In Ontario, as of April 1, 2014, the wineries which existed prior to 1993 will be allowed to produce “International – Canadian blends” which contain no more than 75% foreign content (meaning that they in fact contain only 25% Ontario wine, which may be from labrusca varieties). Historically, this percentage has fluctuated wildly, due to periodic shortages and surpluses of Ontario grapes, and lobbying by both the grape growers and the producers.
Under the “International – Canadian blend” or “Cellared in Canada” name, Canadian wine producers can import pre-fermented grape must from grapes grown in other countries to produce wines under their own wine label. These wines are then designated as being made or “cellared” in Canada, even though they contain a fraction of Canadian-grown grape (or in British Columbia, no Canadian-grown grapes). The advantage to the producer is lower production costs, and higher profit from these wines. Large wine-producing estates such as Jackson-Triggs (owned by Constellation Brands), Peller Estates, Mission Hill Winery, Diamond Estates, Colio, Pelee Island have made widespread use of this designation.
The “Cellared in Canada” practice originated in the early years of the Canadian wine industry in the 1980s. During this period grape growers received incentives to pull out existing plantings of Vitis labrusca and replace them with Vitis vinifera, which is more suitable for winemaking. The Canadian government granted permission to wine producers to import from foreign grape sources while they waited for the new V. vinifera plantings to mature and develop. Even as viticulture in Canada continued to expand, with more available sources of local grapes, the practice was permitted as a buffer against the financial impact of inclement weather that could devastate the local crop and cause shortages.
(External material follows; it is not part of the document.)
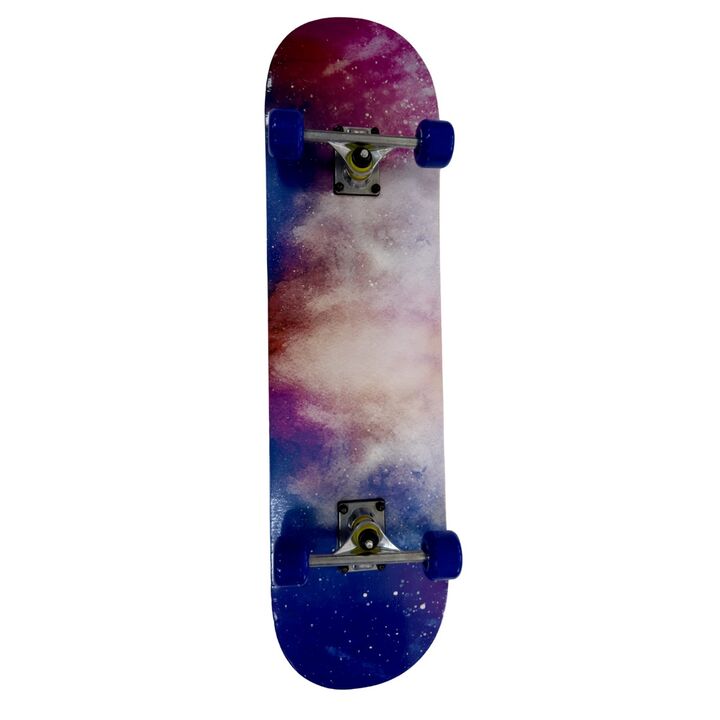 Skate Doble Cola F-203 Galaxia - Vista 2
Although the original rationale no longer holds true, the practice is still used by large wine companies.
In late 2009, local and international criticism of the “Cellared in Canada” practice emerged. Grape growers in Ontario protested the practice as a threat to their livelihood, as thousands of tons of Canadian grapes were left rotting on the vine because producers were using imported grapes to make wine labeled as “Canadian”. Wine producers who do not use the “Cellared in Canada” designation criticize the practice as misleading consumers, and tarnishing the reputation of Canadian wines overall.
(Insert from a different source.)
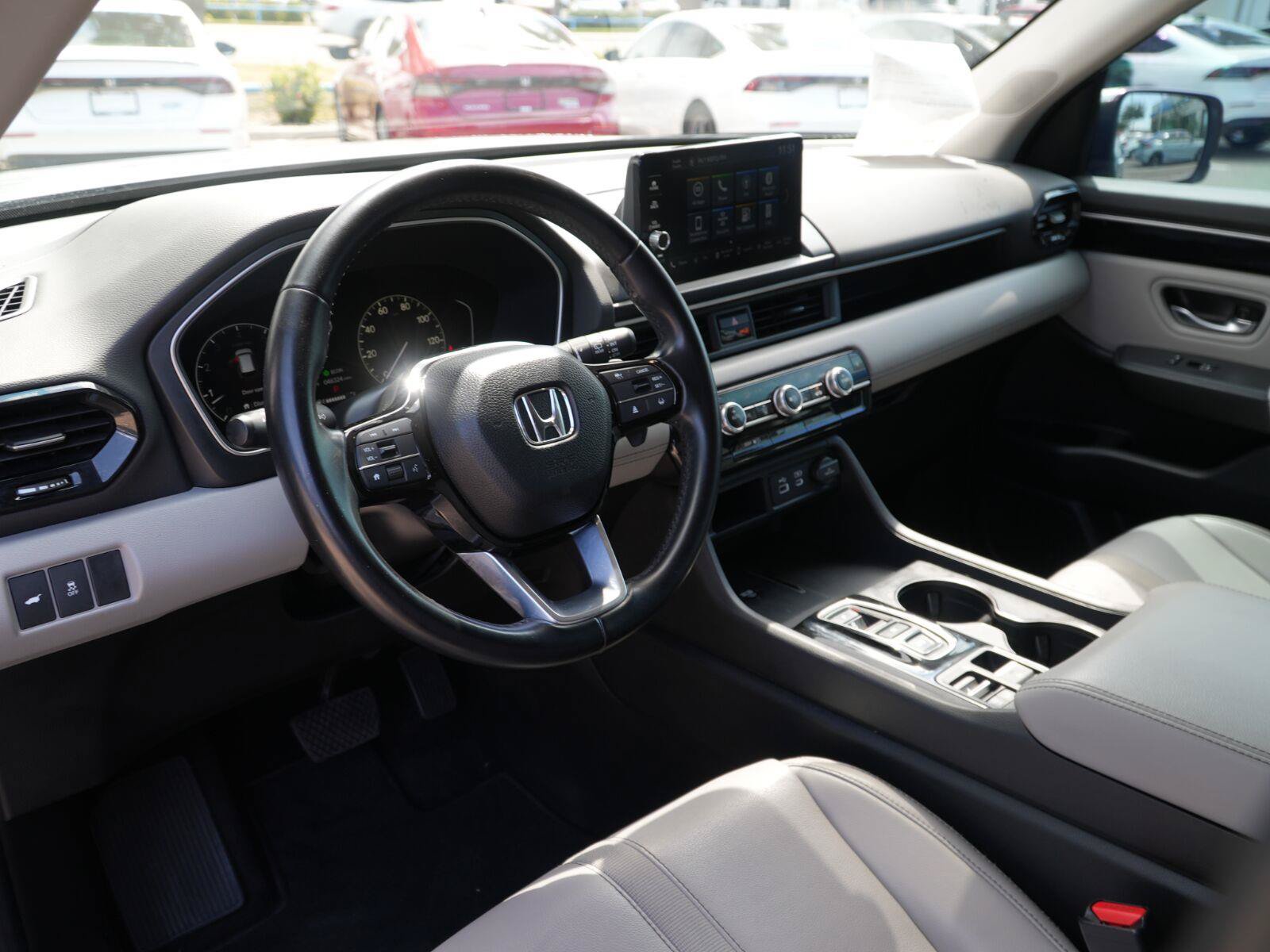Certified 2023 Honda Pilot EX-L image 7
Producers and growers in Canada have petitioned the government for several changes, such as making the origin of grapes for “Cellared in Canada” wine clearer on the wine label and increasing the visibility of 100% Canadian wines produced by members of the Vintners Quality Alliance (VQA) in province-run liquor stores. As of August 2009, the stores of the Liquor Control Board of Ontario (LCBO) featured less than 2.5% Canadian wine produced by VQA members, with the vast majority of its wines produced under the “Cellared in Canada” designation. In LCBO stores, such wines are required to be under signage which says “International Canadian Blends”, although stock is often incorrectly signed.
Wine producers who use the “Cellared in Canada” designation claim that it is a vital business component that allows them to compete in the “under $10” price category. An executive at Arterra, which produces wine in Canada under labels such as Jackson-Triggs and Inniskillin, has claimed that the “Cellared in Canada” practice is a necessity due to the country having too many grapes planted (producing a wine lake effect), with growers charging prices “too high” to be competitive in the market.